**PROVIDED INFORMATION**
----------------------------------------
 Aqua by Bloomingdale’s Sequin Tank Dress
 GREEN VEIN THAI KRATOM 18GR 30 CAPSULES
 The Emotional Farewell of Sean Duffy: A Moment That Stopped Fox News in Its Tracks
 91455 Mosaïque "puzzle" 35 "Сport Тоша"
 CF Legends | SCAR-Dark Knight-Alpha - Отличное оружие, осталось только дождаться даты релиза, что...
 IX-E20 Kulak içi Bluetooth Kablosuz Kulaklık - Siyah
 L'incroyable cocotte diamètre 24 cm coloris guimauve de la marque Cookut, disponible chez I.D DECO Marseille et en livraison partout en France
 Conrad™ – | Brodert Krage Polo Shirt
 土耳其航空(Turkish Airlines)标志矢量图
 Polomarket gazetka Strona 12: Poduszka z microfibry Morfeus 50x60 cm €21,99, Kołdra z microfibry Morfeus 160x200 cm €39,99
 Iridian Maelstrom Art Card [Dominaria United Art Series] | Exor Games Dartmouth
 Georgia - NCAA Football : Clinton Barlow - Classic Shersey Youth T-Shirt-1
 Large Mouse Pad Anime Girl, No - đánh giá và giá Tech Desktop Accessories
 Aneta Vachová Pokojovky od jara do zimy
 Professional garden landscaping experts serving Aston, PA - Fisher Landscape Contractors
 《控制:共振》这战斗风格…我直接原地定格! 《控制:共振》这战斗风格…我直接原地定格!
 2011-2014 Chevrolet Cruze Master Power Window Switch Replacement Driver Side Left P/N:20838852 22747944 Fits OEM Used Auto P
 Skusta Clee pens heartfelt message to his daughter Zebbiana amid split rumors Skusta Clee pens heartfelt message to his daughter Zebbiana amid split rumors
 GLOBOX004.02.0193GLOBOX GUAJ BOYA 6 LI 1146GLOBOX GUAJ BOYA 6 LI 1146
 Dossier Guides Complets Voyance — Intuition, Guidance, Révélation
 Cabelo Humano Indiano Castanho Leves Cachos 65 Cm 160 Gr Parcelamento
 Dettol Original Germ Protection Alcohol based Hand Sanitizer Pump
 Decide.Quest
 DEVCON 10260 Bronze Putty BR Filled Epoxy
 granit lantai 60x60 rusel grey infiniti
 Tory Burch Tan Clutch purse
----------------------------------------
**WHAT YOU ARE ASKED TO DO**
Set down only the lines from the line with "IX-E20 Kulak içi" through the last line of the data above, keeping both the first and the last.

**REPLY TO THE EXERCISE**
 IX-E20 Kulak içi Bluetooth Kablosuz Kulaklık - Siyah
 L'incroyable cocotte diamètre 24 cm coloris guimauve de la marque Cookut, disponible chez I.D DECO Marseille et en livraison partout en France
 Conrad™ – | Brodert Krage Polo Shirt
 土耳其航空(Turkish Airlines)标志矢量图
 Polomarket gazetka Strona 12: Poduszka z microfibry Morfeus 50x60 cm €21,99, Kołdra z microfibry Morfeus 160x200 cm €39,99
 Iridian Maelstrom Art Card [Dominaria United Art Series] | Exor Games Dartmouth
 Georgia - NCAA Football : Clinton Barlow - Classic Shersey Youth T-Shirt-1
 Large Mouse Pad Anime Girl, No - đánh giá và giá Tech Desktop Accessories
 Aneta Vachová Pokojovky od jara do zimy
 Professional garden landscaping experts serving Aston, PA - Fisher Landscape Contractors
 《控制:共振》这战斗风格…我直接原地定格! 《控制:共振》这战斗风格…我直接原地定格!
 2011-2014 Chevrolet Cruze Master Power Window Switch Replacement Driver Side Left P/N:20838852 22747944 Fits OEM Used Auto P
 Skusta Clee pens heartfelt message to his daughter Zebbiana amid split rumors Skusta Clee pens heartfelt message to his daughter Zebbiana amid split rumors
 GLOBOX004.02.0193GLOBOX GUAJ BOYA 6 LI 1146GLOBOX GUAJ BOYA 6 LI 1146
 Dossier Guides Complets Voyance — Intuition, Guidance, Révélation
 Cabelo Humano Indiano Castanho Leves Cachos 65 Cm 160 Gr Parcelamento
 Dettol Original Germ Protection Alcohol based Hand Sanitizer Pump
 Decide.Quest
 DEVCON 10260 Bronze Putty BR Filled Epoxy
 granit lantai 60x60 rusel grey infiniti
 Tory Burch Tan Clutch purse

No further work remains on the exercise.